Like so many members across the country I recently received an email from the electoral services enclosing my ballot paper for the on-going NEC elections. This came as little surprise to me as the Young Fabians had used a similar method to elect its executive. Further back than that there was always an opportunity to vote online for a new student motion, whether it was on tuition fees or the new menu in our student bar.
So after I finally found the time to cast my ballot, I pondered on the simple question ‘surely now is the time to try out online voting nationally?’
I’m proud to be in a party that has led from the front on widening participation across all age groups from young people to the elderly. The concerted effort to promote turnout by the leadership is a testament to our values of representing the many and not just the few.

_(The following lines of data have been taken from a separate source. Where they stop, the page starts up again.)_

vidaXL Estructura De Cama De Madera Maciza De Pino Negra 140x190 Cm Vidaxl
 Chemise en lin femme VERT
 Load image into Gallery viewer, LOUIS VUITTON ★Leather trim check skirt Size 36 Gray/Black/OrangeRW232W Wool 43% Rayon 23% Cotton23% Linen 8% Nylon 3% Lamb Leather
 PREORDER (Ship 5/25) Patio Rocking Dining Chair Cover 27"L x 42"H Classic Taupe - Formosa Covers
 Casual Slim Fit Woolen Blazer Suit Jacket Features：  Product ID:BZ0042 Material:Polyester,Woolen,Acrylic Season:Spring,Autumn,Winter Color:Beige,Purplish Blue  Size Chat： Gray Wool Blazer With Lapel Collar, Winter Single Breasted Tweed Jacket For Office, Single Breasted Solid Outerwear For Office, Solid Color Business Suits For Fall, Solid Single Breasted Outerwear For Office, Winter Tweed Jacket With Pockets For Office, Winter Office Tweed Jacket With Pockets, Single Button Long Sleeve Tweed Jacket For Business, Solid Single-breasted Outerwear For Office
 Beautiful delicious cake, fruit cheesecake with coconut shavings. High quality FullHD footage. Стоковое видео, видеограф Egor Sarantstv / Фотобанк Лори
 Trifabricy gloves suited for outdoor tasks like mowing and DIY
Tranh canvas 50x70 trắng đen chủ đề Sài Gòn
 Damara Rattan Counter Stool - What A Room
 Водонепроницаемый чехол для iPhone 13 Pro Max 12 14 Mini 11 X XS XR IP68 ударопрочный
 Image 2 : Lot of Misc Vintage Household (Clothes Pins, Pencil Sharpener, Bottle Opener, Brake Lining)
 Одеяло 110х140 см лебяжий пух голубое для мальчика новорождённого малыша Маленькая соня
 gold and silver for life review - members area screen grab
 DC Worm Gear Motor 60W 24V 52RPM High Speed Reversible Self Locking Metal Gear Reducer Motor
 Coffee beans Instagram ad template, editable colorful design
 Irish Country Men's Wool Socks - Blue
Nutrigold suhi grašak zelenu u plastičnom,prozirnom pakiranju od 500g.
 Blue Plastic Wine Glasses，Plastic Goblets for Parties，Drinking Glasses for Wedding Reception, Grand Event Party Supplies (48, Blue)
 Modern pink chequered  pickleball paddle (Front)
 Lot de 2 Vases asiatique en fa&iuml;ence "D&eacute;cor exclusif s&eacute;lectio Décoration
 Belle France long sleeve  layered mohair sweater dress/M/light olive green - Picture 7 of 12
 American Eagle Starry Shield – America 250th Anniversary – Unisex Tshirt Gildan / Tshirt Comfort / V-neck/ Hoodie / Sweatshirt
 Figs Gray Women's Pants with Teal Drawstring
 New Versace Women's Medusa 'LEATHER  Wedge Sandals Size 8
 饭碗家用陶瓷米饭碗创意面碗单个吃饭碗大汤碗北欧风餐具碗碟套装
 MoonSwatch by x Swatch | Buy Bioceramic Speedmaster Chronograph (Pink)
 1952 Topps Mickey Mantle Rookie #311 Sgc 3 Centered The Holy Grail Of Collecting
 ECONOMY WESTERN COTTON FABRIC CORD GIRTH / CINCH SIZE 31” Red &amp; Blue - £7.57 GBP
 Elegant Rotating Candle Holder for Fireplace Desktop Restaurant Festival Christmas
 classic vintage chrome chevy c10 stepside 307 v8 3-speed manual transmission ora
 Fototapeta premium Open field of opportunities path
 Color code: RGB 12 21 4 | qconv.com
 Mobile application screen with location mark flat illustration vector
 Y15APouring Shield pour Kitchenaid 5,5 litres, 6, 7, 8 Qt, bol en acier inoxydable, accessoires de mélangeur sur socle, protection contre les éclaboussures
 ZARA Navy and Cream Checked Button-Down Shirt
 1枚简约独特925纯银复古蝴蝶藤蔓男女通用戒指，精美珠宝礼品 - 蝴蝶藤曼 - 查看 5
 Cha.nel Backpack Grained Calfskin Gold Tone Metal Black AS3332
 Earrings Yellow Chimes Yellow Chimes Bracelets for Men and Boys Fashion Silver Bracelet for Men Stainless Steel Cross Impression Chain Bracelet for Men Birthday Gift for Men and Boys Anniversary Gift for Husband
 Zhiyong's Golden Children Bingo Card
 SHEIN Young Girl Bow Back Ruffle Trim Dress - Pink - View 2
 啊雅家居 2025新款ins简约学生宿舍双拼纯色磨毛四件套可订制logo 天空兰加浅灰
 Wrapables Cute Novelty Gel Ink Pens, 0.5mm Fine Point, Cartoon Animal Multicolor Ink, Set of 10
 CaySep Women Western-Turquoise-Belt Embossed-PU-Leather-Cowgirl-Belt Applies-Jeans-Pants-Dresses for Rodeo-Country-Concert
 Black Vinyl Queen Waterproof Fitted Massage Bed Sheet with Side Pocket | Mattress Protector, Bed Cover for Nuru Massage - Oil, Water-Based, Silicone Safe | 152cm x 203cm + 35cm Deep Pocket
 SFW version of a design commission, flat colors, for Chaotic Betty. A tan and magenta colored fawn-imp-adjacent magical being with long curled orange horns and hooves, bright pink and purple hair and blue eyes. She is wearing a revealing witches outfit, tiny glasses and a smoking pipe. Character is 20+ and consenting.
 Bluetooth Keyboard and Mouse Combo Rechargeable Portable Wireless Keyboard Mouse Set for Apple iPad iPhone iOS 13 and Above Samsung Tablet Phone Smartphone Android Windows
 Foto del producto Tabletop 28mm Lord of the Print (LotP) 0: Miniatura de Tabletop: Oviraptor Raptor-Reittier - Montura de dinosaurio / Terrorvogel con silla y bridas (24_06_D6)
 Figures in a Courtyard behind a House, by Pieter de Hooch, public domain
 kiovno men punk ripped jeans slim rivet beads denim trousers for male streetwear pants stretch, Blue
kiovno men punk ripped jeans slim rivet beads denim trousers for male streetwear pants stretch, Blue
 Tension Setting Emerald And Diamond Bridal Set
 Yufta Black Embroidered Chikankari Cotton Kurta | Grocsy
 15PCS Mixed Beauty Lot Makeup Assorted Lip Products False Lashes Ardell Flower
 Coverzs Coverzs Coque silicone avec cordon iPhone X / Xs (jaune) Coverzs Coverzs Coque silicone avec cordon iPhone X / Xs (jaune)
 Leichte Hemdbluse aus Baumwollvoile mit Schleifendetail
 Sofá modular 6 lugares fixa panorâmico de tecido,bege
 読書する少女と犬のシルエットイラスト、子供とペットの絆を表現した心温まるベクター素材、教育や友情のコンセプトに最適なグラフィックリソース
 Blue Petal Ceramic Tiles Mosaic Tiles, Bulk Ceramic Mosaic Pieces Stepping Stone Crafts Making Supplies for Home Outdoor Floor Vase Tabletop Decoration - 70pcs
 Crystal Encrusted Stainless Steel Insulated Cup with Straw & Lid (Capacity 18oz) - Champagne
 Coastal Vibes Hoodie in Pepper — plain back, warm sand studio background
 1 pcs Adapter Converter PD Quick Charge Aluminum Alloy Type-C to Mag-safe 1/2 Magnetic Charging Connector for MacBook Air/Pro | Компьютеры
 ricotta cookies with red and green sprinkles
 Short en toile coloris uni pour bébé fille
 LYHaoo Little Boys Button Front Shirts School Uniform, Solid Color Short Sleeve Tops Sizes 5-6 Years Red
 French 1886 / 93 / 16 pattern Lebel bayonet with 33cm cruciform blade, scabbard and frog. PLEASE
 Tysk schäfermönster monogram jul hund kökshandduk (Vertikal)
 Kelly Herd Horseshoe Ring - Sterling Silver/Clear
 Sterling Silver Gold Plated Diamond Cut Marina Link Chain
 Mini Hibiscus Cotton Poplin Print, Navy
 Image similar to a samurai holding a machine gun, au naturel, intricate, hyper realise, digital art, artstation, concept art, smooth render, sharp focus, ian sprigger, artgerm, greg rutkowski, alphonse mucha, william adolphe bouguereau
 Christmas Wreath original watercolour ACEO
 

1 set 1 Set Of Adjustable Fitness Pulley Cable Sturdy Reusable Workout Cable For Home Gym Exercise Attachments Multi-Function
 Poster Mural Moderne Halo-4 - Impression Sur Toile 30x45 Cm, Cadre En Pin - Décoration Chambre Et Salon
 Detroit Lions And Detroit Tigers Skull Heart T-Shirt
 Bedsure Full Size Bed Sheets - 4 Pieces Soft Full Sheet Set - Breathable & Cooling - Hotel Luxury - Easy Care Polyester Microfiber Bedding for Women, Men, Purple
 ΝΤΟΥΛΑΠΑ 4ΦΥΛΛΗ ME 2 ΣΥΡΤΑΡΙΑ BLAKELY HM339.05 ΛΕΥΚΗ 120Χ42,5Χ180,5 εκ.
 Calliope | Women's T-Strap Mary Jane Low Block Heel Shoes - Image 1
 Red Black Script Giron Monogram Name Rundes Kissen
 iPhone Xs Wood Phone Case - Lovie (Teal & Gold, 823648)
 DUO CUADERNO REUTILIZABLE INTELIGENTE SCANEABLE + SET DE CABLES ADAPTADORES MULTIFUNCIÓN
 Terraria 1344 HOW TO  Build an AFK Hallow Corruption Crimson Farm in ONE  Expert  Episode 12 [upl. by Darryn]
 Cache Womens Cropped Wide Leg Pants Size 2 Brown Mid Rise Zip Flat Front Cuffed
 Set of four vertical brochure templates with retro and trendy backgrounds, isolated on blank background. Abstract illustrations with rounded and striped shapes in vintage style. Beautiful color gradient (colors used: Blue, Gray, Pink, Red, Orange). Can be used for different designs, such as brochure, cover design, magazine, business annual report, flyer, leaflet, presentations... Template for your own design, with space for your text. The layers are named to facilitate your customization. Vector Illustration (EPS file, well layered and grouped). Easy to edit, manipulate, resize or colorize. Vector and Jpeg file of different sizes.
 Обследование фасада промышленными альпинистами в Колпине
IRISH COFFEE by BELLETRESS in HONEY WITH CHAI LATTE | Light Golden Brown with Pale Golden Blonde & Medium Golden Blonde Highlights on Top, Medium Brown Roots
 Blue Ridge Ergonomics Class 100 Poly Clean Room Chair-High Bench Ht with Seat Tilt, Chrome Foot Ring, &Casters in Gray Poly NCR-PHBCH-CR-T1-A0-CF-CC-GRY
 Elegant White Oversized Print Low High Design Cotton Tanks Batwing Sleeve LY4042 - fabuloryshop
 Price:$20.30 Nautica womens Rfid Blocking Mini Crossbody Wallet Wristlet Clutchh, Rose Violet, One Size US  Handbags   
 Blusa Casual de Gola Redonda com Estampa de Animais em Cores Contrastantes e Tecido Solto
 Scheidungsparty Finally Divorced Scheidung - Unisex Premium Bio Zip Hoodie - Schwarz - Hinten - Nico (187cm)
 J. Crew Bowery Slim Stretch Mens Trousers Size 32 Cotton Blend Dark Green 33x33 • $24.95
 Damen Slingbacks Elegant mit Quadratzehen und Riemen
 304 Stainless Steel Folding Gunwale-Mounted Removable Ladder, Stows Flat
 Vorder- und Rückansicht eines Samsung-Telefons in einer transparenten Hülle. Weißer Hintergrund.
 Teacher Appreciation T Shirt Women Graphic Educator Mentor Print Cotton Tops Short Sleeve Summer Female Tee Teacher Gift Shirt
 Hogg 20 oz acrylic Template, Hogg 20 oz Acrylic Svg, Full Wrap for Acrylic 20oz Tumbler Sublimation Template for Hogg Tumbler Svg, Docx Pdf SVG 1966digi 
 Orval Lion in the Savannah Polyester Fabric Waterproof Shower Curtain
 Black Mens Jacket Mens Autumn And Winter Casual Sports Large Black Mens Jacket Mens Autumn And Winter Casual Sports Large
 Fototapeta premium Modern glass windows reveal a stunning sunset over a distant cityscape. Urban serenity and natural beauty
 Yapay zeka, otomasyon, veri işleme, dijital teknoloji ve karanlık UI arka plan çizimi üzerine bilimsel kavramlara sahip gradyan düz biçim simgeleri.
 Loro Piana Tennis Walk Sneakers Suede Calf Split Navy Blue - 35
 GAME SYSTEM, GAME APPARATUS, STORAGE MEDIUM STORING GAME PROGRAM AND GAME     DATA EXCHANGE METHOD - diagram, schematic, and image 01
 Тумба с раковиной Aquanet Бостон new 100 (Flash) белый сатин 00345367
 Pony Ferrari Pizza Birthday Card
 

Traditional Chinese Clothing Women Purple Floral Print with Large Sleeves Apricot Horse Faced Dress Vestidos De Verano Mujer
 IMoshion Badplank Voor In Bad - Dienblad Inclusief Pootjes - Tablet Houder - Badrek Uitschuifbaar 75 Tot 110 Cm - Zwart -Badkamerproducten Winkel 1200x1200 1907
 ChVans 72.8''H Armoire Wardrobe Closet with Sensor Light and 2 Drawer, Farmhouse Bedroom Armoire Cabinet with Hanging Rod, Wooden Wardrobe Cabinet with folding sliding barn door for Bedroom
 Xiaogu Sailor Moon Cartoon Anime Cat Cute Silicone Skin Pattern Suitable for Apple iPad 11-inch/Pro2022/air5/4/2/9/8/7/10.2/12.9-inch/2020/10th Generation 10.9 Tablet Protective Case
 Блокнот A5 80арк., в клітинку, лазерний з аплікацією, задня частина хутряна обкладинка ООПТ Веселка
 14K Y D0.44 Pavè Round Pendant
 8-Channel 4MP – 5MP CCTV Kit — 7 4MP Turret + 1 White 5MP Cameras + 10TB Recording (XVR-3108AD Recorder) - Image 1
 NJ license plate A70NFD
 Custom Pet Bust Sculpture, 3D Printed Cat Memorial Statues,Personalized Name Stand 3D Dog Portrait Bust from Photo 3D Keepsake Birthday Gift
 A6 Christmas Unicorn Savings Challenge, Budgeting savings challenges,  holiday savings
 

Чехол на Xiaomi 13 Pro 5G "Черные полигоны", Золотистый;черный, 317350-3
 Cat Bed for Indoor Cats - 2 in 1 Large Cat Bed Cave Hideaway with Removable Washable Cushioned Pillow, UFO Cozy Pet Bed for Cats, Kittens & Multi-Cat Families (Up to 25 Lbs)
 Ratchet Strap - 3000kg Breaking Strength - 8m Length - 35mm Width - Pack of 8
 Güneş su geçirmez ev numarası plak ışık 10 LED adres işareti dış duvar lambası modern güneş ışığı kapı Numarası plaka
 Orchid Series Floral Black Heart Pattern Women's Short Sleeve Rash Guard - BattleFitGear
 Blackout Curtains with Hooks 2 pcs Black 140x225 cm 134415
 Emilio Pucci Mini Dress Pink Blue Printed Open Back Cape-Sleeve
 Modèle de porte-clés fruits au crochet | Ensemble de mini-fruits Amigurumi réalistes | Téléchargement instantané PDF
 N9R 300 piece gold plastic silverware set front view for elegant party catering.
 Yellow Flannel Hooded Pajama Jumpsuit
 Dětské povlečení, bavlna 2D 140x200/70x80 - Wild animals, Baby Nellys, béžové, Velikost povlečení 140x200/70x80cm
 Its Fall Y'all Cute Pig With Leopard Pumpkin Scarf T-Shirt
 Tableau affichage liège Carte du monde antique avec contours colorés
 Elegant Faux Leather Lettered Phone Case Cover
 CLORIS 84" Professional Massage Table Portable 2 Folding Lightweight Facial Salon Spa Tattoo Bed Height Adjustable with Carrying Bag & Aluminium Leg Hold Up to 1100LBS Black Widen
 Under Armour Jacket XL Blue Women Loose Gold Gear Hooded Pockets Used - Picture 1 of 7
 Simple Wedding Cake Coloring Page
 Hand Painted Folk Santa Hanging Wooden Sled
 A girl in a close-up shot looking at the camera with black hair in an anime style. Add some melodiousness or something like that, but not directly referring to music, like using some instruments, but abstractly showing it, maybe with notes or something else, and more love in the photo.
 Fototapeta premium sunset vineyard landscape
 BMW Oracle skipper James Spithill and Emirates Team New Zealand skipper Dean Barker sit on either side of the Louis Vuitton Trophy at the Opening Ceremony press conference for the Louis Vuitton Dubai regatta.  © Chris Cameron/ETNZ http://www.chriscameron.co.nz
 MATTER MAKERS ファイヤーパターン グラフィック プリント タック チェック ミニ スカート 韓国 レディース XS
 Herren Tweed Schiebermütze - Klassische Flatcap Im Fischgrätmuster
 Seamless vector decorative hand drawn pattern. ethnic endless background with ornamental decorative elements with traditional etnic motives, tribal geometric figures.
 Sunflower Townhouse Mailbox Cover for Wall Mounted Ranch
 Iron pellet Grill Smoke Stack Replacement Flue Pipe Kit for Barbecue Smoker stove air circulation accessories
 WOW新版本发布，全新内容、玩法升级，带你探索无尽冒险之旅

However the spiralling decline of support for politics across all ages suggests there is still work to be done. The trend doesn’t seem to be abating as unfortunately in the last elections numbers fell again and figures suggest that they may not vastly improve next May. Granted the European and local elections may not have been the most exciting contests but two countries in a similar position have used it as an opportunity to pioneer their online voting system. Estonia and Switzerland are hardly the European countries which naturally roll of most tongues but they’ve seen their online voting system go off without a hitch with 16% of online voters saying they wouldn’t have voted if there weren’t online facilities. Surely Estonia and Switzerland provide the ideal example of how online voting can work, and if accompanied with modernisation of our political process it can inspire a whole new generation of voters.
Nevertheless critics have often pointed to the pitfalls of online voting, citing the digital divide and security concerns as the main draw backs. It is fair to say that any introduction of online voting may seem to benefit the tech savvy 20 something year olds but a recent survey from McCarthy & Stone showed that 96% of pensioners said they felt savvier with technology as compared to 5 years ago. Coupled with the fact that Britain now ranks as the 8th most connected country in the world meaning an introduction in online voting would benefit us all. Concerns have also been raised over security and the rising ease at which hackers are able to compromise online systems, yet if we followed that argument we may as well quit while we’re ahead and start trading by barter again. Crucially the main rebuttal too many of the criticism of online voting is simply that it’s just another option to complement an existing range of voting methods and if given the chance, possibly a game changer in widening participation.
As with most changes in laws, implementation of online voting will be largely down to whether policy makers in Whitehall believe that providing this additional method of voting will increase turnout. There’s no better argument for the introduction of online voting than the success of postal voting. According to the electoral commission 83% of those with a postal ballot in 2010 returned it, by way of contrast only six in ten of those electors required to vote ‘in person’ did so. History has shown that eventually politics will catch up with modern society, the question is whether we’ve learnt the lessons from the eternity it took to introduce postal votes on demand or will we have to wait another 50 years.